> [TASK PROMPT]
Each line from the one containing "Robe de soirée" through the last line of the records below is to be set down exactly; the rest stays out.

> [Entries taken from a collection]
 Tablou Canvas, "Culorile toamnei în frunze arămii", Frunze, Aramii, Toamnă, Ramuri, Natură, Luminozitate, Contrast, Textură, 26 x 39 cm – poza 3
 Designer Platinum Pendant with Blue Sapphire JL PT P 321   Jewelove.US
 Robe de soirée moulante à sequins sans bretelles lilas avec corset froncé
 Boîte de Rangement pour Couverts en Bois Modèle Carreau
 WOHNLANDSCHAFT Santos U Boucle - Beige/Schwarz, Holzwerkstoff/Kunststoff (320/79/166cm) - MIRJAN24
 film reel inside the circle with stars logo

> [ANSWER SECTION]
 Robe de soirée moulante à sequins sans bretelles lilas avec corset froncé
 Boîte de Rangement pour Couverts en Bois Modèle Carreau
 WOHNLANDSCHAFT Santos U Boucle - Beige/Schwarz, Holzwerkstoff/Kunststoff (320/79/166cm) - MIRJAN24
 film reel inside the circle with stars logo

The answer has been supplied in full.